Words such as “tuberculosis,” “meth lab,” “illegal immigrant,” “radioactive,” “Hezbollah,” “southwest,” and “China” and 359 more are among the buzz words that the Department of Homeland Security actively monitors in email, according to a document made public a few years ago thanks to the Freedom of Information Act. That’s not the entirety of the list—the act doesn’t mandate a release of everything—but sending an email that reads “tuberculosis meth lab illegal immigrant radioactive Hezbollah southwest China” will likely get you flagged.
That also goes for online communication in the form of traditional Japanese poetry, such as those composed by the N.S.A. Haiku Generator, a web app that takes those keywords an randomly arranges them into haiku form. Of the poems it generated for me, my favorite is this one: Smuggling Ice Consul/ Lynch Red Cell mega Sleet Strain/ Secret Service BOSS. Not exactly Ezra Pound, but not too shabby either, for a robot.
The haiku generator was written by Gray Earle, a street artist and activist whose work sits at the fulcrum of technology and politics. “Even though this project is funny (lol), our own gov’t spying on all of us is not. There are things you can do. Yes, you!” he says on the info page of his website, a maniacal animated gif of his head tilting to and fro.

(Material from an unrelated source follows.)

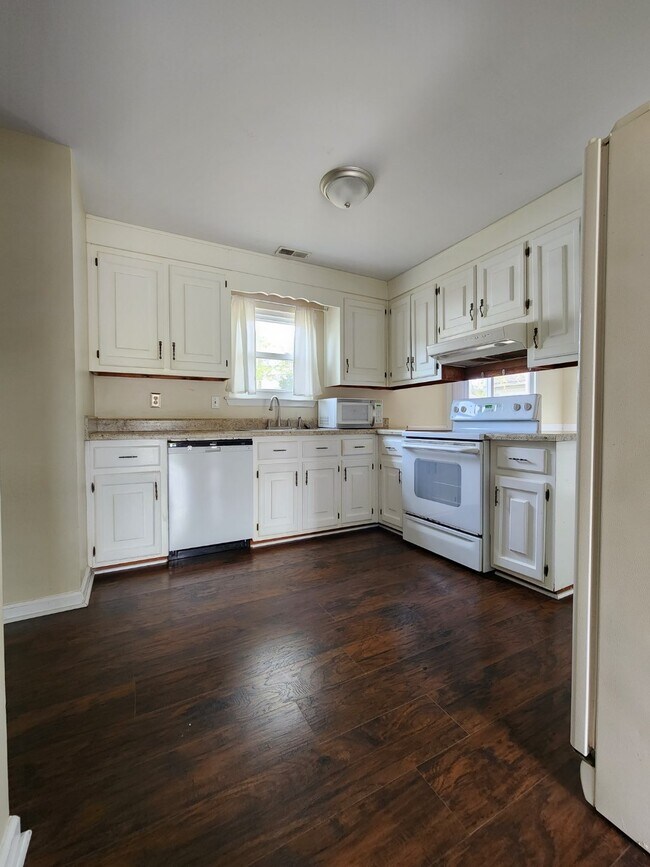 Building Photo - 3404 Faraday Ln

These chaotic poems may lack cadence, strong visual imagery, and contain nothing of the zen-like meaning of the form they imitate, but the point is to remind us of the often senseless methods employed by government security agencies when it comes to spying. (For more on that, see William Vollman’s article Life as a Terrorist, in Harper’s, where he gives an startling account of being continually harassed by the F.B.I., who mistook him for the Unibomber.) Again, not the best poetry, but as far as making its point, the N.S.A. Haiku Generator succeeds in spades.